Monitoring and Verification Accuracy: Norway's Sleipner project, often cited as carbon capture's success story, revealed systematic over-reporting in 2024: actual captured volumes were 28% below claimed figures due to defective monitoring systems. Only 106,000 tonnes were verified captured in 2023 against claims approaching 1 million tonnes. The project has not achieved design capture rates since 2001 and faces expected closure as the underlying gas field depletes. For UK projects requiring verified carbon credits or emissions compliance, monitoring uncertainty introduces financial risks beyond material performance.
Ammonia-Based Systems' Solid Precipitation: Low solubility of ammonium bicarbonate in ammonia capture systems causes solid formation in absorber columns, forcing operators to transport rich absorbent as slurry rather than liquid.
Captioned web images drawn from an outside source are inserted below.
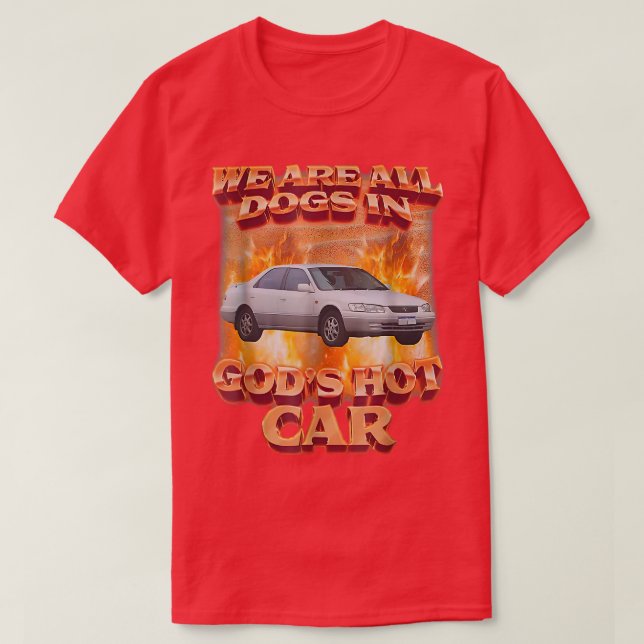 We Are All Dogs In God's Hot Car Funny  T-Shirt (Design Front)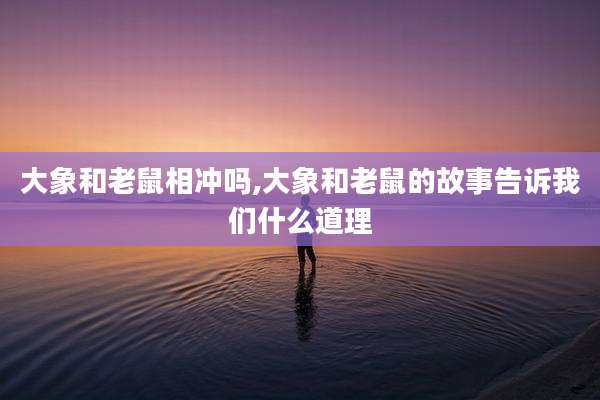 大象和老鼠相冲吗,大象和老鼠的故事告诉我们什么道理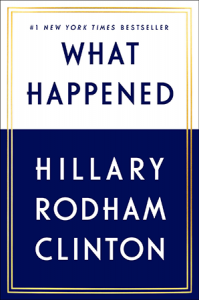 Book: What Happened Hillary Rodham Clinton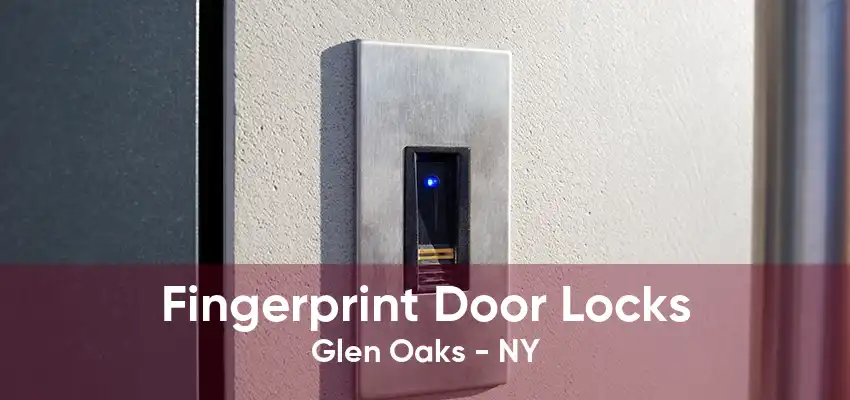 Fingerprint Door Locks Glen Oaks - NY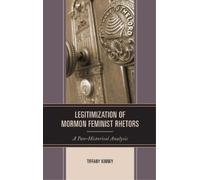 Tiffany D. Kinney Legitimization of Mormon Feminist Rhetors (Copertina rigida)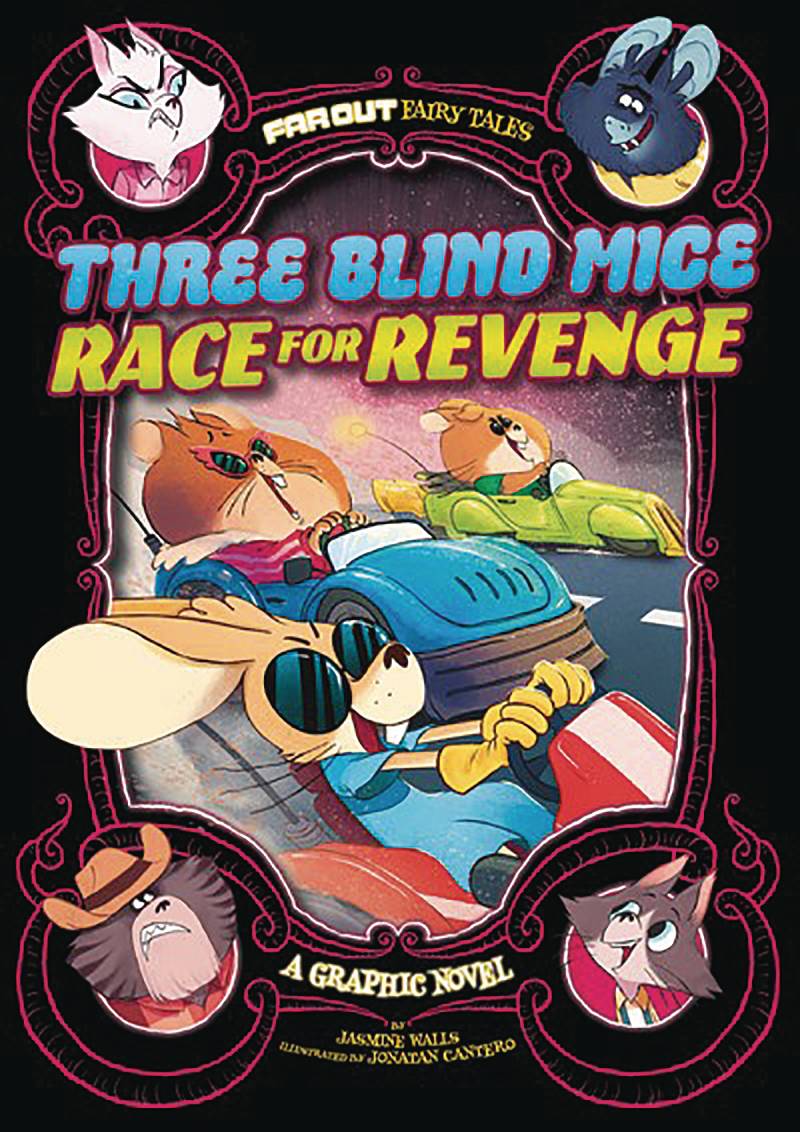 FAR OUT FAIRY TALES THREE BLIND MICE RACE FOR REVENGE GN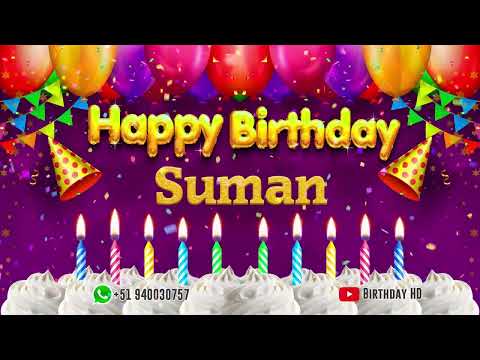 Suman Happy birthday To You - Happy Birthday song name Suman 🎁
This precipitation clogs equipment, reduces throughput, and necessitates specialised handling systems that increase both capital and operational expenditure. The constraint forces use of dilute ammonia solutions, sacrificing theoretical loading advantages.
Membrane Performance at Low Concentrations: Marine carbon capture applications—essential for decarbonising shipping emissions—cannot deploy membrane systems because CO₂ concentrations in ship exhaust (4–8%) fall below the threshold required for economically viable membrane separation. The 2024 MARAD technical assessment explicitly excluded membranes from marine applications, limiting their addressable market and concentrating deployment on industrial point sources with >10% CO₂ concentrations.
Key Players
Established Leaders
Drax Group plc — Operates the UK's largest single-site power station and is developing the £2 billion BECCS project with carbon capture equipment to be operational from 2027. The project faces legal challenges from Biofuelwatch UK regarding environmental impact assessment procedures and ongoing Ofgem investigation into biomass sustainability compliance. Despite controversies, Drax represents the largest committed UK BECCS investment.
Carbon Clean — UK-headquartered developer of proprietary solvent-based capture systems with £213.6 million in total funding. Their modular CycloneCC technology targets small-to-medium emitters excluded from megaproject economics. Deployments span cement, steel, and waste-to-energy applications across Europe and Asia.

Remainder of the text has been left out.